[As] good almost kill a man as kill a good book. Who kills a man kills a reasonable creature, God’s image; but he who destroys a good book, kills reason itself, kills the image of God, as it were in the eye.” — John Milton, 17th century poet
Last month, there was such a murder. Or should I say that a patient came to the ICU, the doctors called an emergency meeting and devised a way to wipe out all traces of the patient? The Hindustan Times reported on September 17 that agitated members of the Bharatiya Vidyarthi Sena, the Shiv Sena’s student wing, protested before the Mumbai University’s vice chancellor, against Rohinton Mistry’s 1991 novel, Such a Long Journey. The book was on the syllabus as an optional text for the Indian literature paper for second-year English literature students.
The Shiv Sena’s student wing demanded that the university drop the book from the syllabus because it expressed “anti-Maharashtrian” sentiments, knowing fully well that the first-term examinations were round the corner as also elections to the university senate. The university complied with astonishing alacrity.
The decision would have been extremely disturbing to students, who had studied the novel over a full term, and was uncharacteristic for an institution that usually balks at the slightest change to the pattern of examination.

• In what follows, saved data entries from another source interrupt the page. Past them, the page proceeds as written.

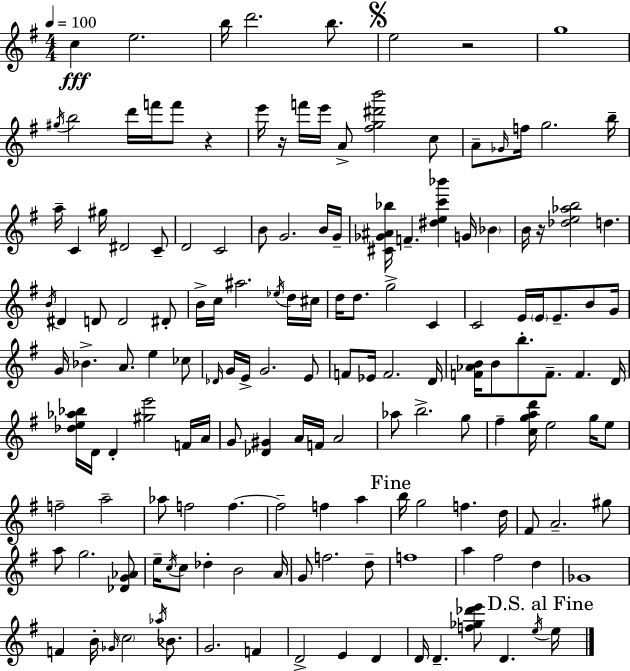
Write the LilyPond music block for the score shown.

{
  \clef treble
  \numericTimeSignature
  \time 4/4
  \key e \minor
  \tempo 4 = 100
  c''4\fff e''2. | b''16 d'''2. b''8. | \mark \markup { \musicglyph "scripts.segno" } e''2 r2 | g''1 | \break \acciaccatura { gis''16 } b''2 d'''16 f'''16 f'''8 r4 | e'''16 r16 f'''16 e'''16 a'8-> <fis'' g'' dis''' b'''>2 c''8 | a'8-- \grace { ges'16 } f''16 g''2. | b''16-- a''16-- c'4 gis''16 dis'2 | \break c'8-- d'2 c'2 | b'8 g'2. | b'16 g'16-- <cis' ges' ais' bes''>16 f'4.-- <dis'' e'' c''' bes'''>4 g'16 \parenthesize bes'4 | b'16 r16 <des'' e'' aes'' b''>2 d''4. | \break \acciaccatura { b'16 } dis'4 d'8 d'2 | dis'8-. b'16-> c''16 ais''2. | \acciaccatura { ees''16 } d''16 cis''16 d''16 d''8. g''2-> | c'4 c'2 e'16 \parenthesize e'16 e'8.-- | \break b'8 g'16 g'16 bes'4.-> a'8. e''4 | ces''8 \grace { des'16 } g'16 e'16-> g'2. | e'8 f'8 ees'16 f'2. | d'16 <f' aes' b'>16 b'8 b''8.-. f'8.-- f'4. | \break d'16 <des'' e'' aes'' bes''>16 d'16 d'4-. <gis'' e'''>2 | f'16 a'16 g'8 <des' gis'>4 a'16 f'16 a'2 | aes''8 b''2.-> | g''8 fis''4-- <c'' g'' a'' d'''>16 e''2 | \break g''16 e''8 f''2-- a''2-- | aes''8 f''2 f''4.~~ | f''2-- f''4 | a''4 \mark "Fine" b''16 g''2 f''4. | \break d''16 fis'8 a'2.-- | gis''8 a''8 g''2. | <des' g' aes'>8 e''16-- \acciaccatura { c''16 } c''8 des''4-. b'2 | a'16 g'8 f''2. | \break d''8-- f''1 | a''4 fis''2 | d''4 ges'1 | f'4 b'16-. \grace { ges'16 } \parenthesize c''2 | \break \acciaccatura { aes''16 } bes'8. g'2. | f'4 d'2-> | e'4 d'4 d'16 d'4.-- <f'' ges'' des''' e'''>8 | d'4. \acciaccatura { e''16 } \mark "D.S. al Fine" e''16 \bar "|."
}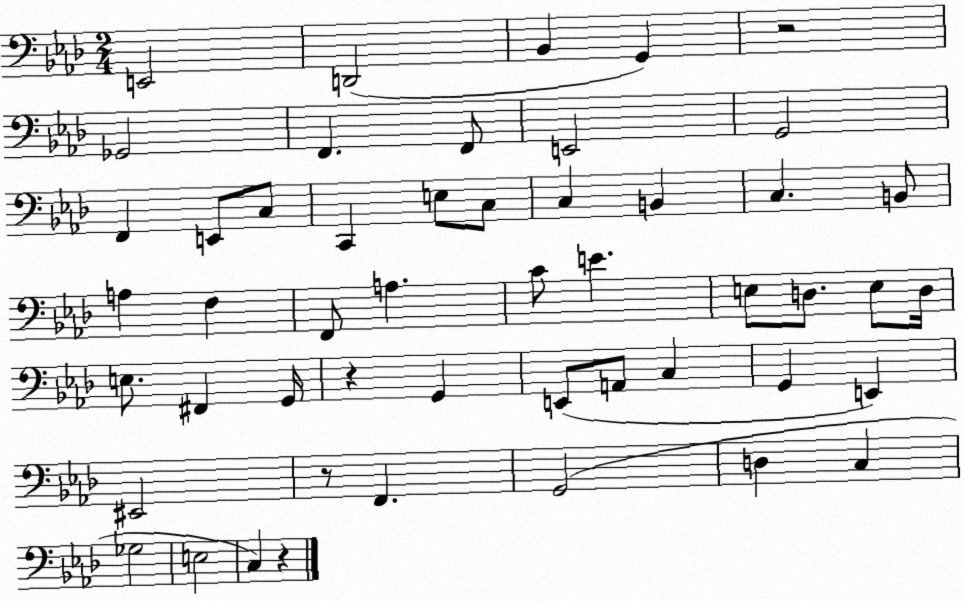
X:1
T:Untitled
M:2/4
L:1/4
K:Ab
E,,2 D,,2 _B,, G,, z2 _G,,2 F,, F,,/2 E,,2 G,,2 F,, E,,/2 C,/2 C,, E,/2 C,/2 C, B,, C, B,,/2 A, F, F,,/2 A, C/2 E E,/2 D,/2 E,/2 D,/4 E,/2 ^F,, G,,/4 z G,, E,,/2 A,,/2 C, G,, E,, ^E,,2 z/2 F,, G,,2 D, C, _G,2 E,2 C, z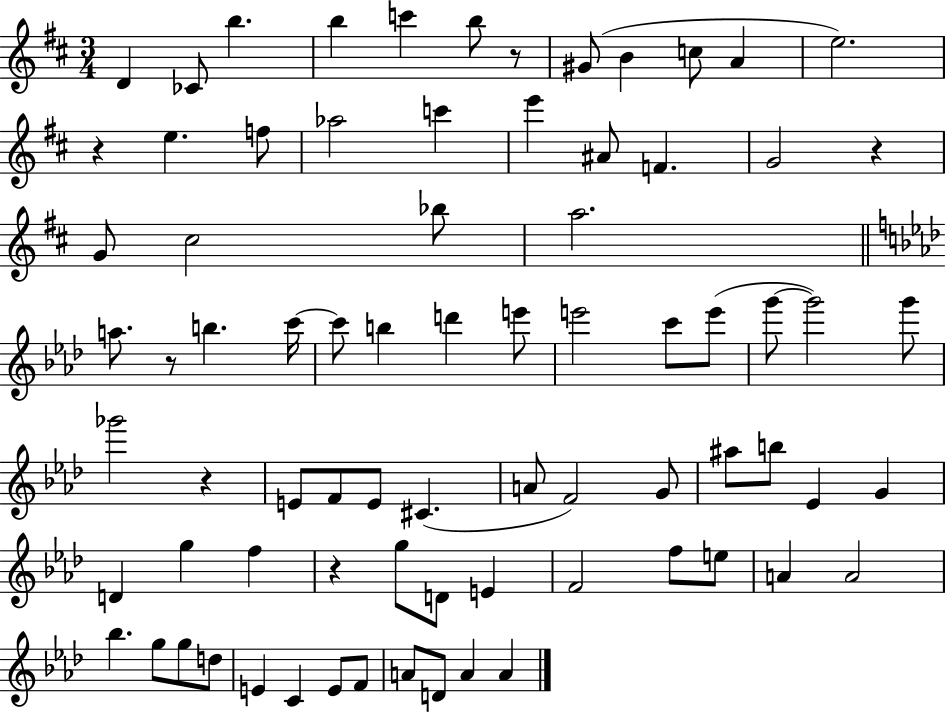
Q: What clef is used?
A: treble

But the manner in which it banished the book and its justifications are worrying.
This is the fourth year that colleges are teaching this book, a work that has been the subject of many a seminar and one that eminent critics have hailed as a landmark in the history of Indian fiction and praised for its style and depiction of Parsi life and culture.
Set in the turbulent 1970s, it is a socio-political novel; there are a few unflattering references to the Shiv Sena for what the writer perceives as its chauvinism. He also examines and exposes the complicity of other political parties in fostering such attitudes.
We seem to be revisiting this history, but should we vilify the author or hail his literature for its lasting human insights?
Will political parties now dictate what texts the university should prescribe? Does it mean that our students cannot study writers such as Kiran Nagarkar, Shashi Tharoor and Vijay Tendulkar, who cock a snook at so many idols and icons? What kind of signal are we sending to our students regarding tolerance, civilised forms of protest and debating issues?
Equally troubling is the deafening silence from the intellectual fraternity and civil society. Is there no Voltaire in our midst to cry out, “I may disagree with what Mistry has said, but I’ll defend to the death his right to say it”?